The basement is 80 years old. The flooring and wood paneling? I'd guess somewhere between 40 and 50 years old. Somebody partially-finished it - and I do mean partially - in the 60s or 70s, and since then it has seen flooding and humidity and several thousand generations of spider crickets.
I eventually see this space being refinished - the wall torn down, the ceiling finished with recessed lighting, some closets and cabinets built, nicer flooring. NO peeling paint, NO dust sifting down from the floorboards above, NO wood paneling, and certainly NO bugs hanging out all over the place. Dan wants an entertainment center down here but I'm not sure the space will ever really work for that. It will work as a kid hang-out, complete with the drum kit we recently bought at a yard sale ($80!), inevitable future drum kits, some big ol' couches, a game table.
For now I'd just like to get things cleaned up so we can throw down some all-weather rugs and move some shelving and toys down here. The kids love playing here but there's nowhere nice to put anything and honestly, the chipped-to-hell floor is disgusting. You can't really wash it, it's that bad. I hosed everything down last summer (freaking out the house alarm in the process, apparently it's hooked up to the CO detector and the detector went haywire from all the humidity) and scrubbed with Dr. Bronner's and a push broom. Ugh. It took forever to dry because water got under the tile. In fact, I'm not sure it ever totally dried. Gross.
In a manic fit, the boys and I started tearing up tile last week, taking advantage of decades-dried glue by popping off pieces easily with little more than a putty knife. Pop, crack, scrape, half the floor was done. Woohoo! We'll be scrubbing and painting in no time! My estimate was that the whole tear-up job should take 4 hours or so.
Or not.
Attacking the second half of the job, I discovered that the tile was glued down more securely than the rest AND that the same area was double-layered. WTF? No more popping off of whole tiles. Putty knives became chisels, paired with rubber mallets. Tiny chunks of tile-and-glue sandwich came up. My thumbs blistered. My wrists ached. The kids lost interest. An easy weekend job ended up abandoned for another weekend, sometime after better tools could be obtained and carpel tunnel inflammation calmed down. I'm almost ready.
In the meantime, it stinks down there. It would appear that some moisture can come up through the cement floor (a possibility we knew existed), and with more floor exposed, the air is more humid, and it's nasty. Dan can hardly go down there, and I don't really like going down there, which means our laundry efficiency is greatly reduced.
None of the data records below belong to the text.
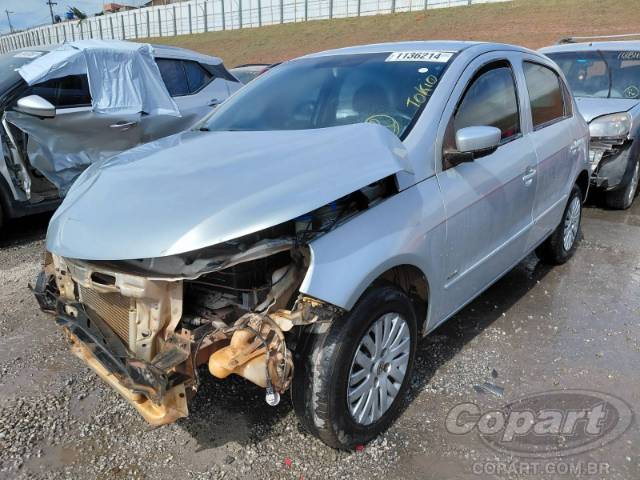 2011 VOLKSWAGEN GOL 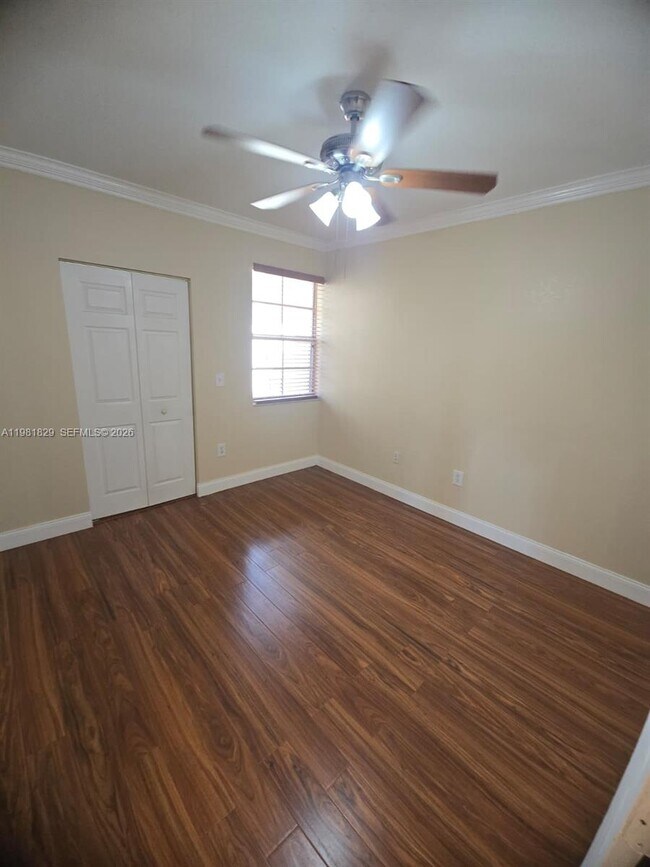 Foto del edificio - 2536 Centergate Dr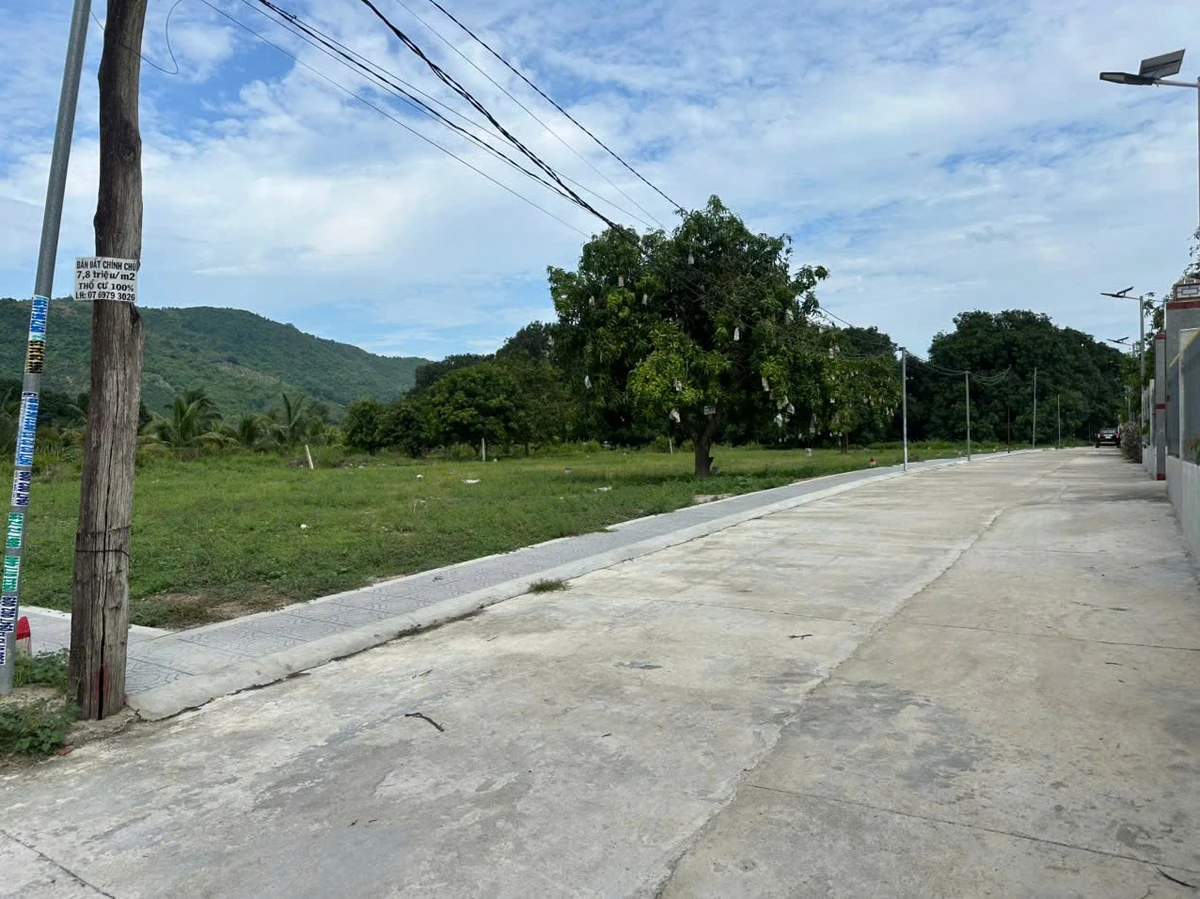 Bán lô đất 135m² Suối Tân Cam Lâm, sổ hồng riêng, 1 tỷ 4 - Ảnh 1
With any luck, better chisels will be purchased soon, the floor will be scraped and scrapped and scrubbed, and then we can get down to the job of sealing everything up with super-duper paint and decorating. I'd really like to be on the other side of that project RIGHT NOW, enjoying a drum solo and a Lego table from the comfort of a yard sale Papasan or somesuch. If you wanna help, there might be a beer and a turn at the drums for you, too.